How Not to Buy a Puppy on CBC's Marketplace this Friday night at 8:30 or if you miss it, the CBC site should have it available for viewing afterward.

I've seen a few of these types of shows busting American pet stores but Marketplace should present an interesting Canadian perspective.


I'm not sure how much Marketplace will deal with the problem of almost all pet stores getting their puppies from puppy mills so here's a short video on that subject (and there are lots more videos on-line - just Google):


Anonymous said...

I have one dog that was store-bought as a puppy, but I guess I either got lucky or this store has more integrity than most. She's 3 years old now, a "Sh*tpoo" (part mini-poodle, part Shitzu). She's been excellent both in health and temperment, although I think my socializing efforts helped with the temperment part.

Fred said...

I think Stella was also store bought by her previous owner from P.J.'s.

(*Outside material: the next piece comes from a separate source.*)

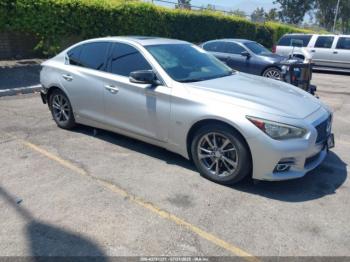  Salvage INFINITI Q50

The health of pet shop bought dogs may or may not be the main issue but their origins definitely are as they almost always tend to be from puppy mills. Not that a store bought dog can't be loved as much or just as great as any other dog but contributing to the existence of puppy mills should be a consideration for people who are presently looking.

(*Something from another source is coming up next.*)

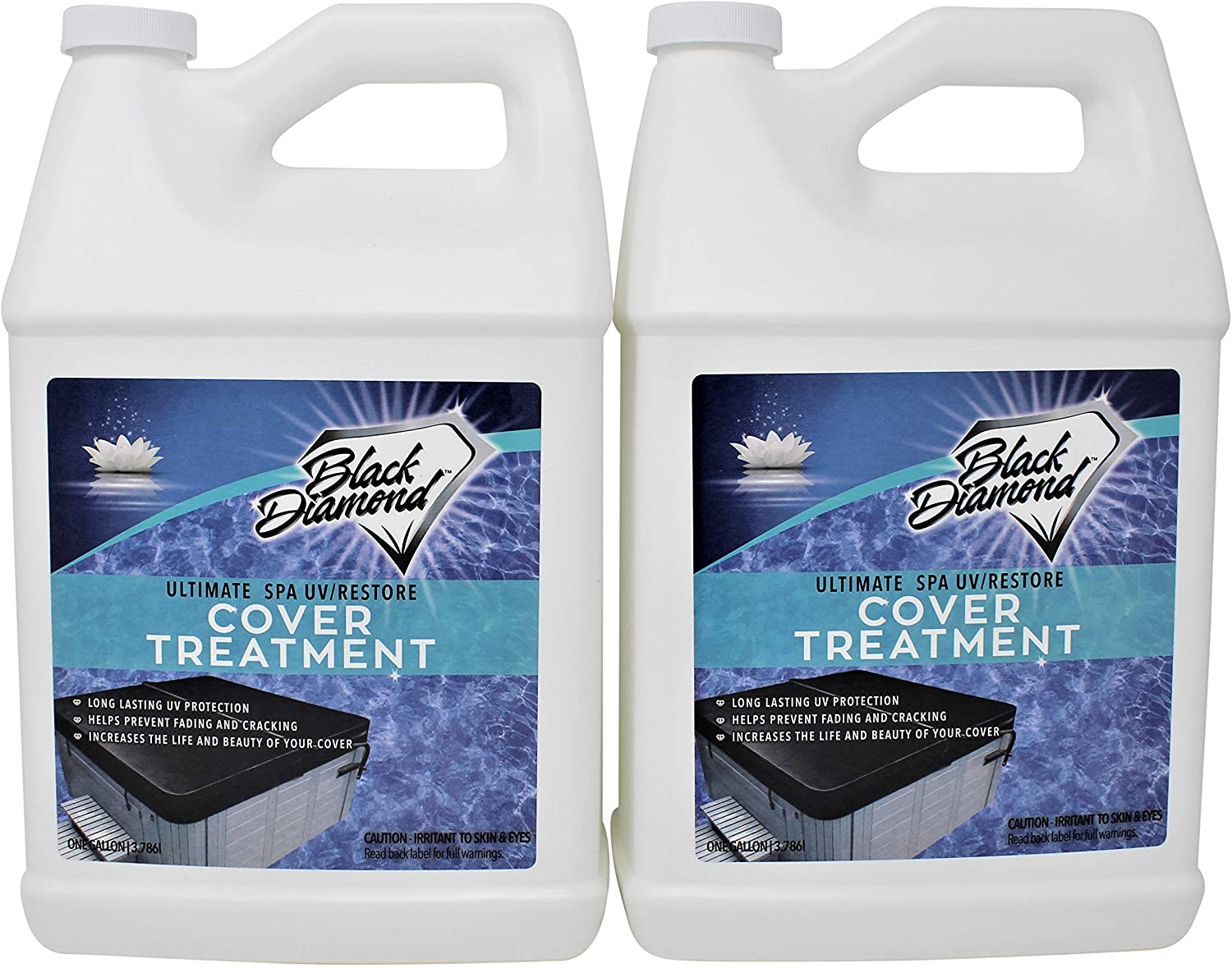Spa cover treatment restorer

I'm not sure how much the Marketplace episode will go into the puppy mill aspects of pet store pets but I've added a short video in the main body above about the subject.

Anonymous said...

I was in my local Pet Crazy last month and was appalled to see several different breeds of pups for sale . It wasn`t the outrageous price that angered me. When I asked one of the staff where they were getting the pups, she told me that they get them all from a nice lady in Quebec. I had to hold my tongue and my hand was so close to slapping someone, I hurried out of there. Then I wrote a letter to head office. I don`t know if it did any good but at least the salesperson is still alive and employed and I`m not in jail. What is wrong with these people? Are they that money hungry they cant find honest, respectable breeders in the area ? Breeders who don`t mind answering questions or allowing buyers to contact their vet would be a far more intelligent option to these `mill pups` I bet the puppy buyers would like to know where those babies came from .

Anonymous said...

I did get my second dog from a private rescue organization. He had some behavioural problems with adult strangers (but, oddly enough, never with me), but he's well over that now and he's an amazing dog too. At the time of my first dog I did know about puppy mills, but I never thought about "backyard breeders", which I think is where she came from.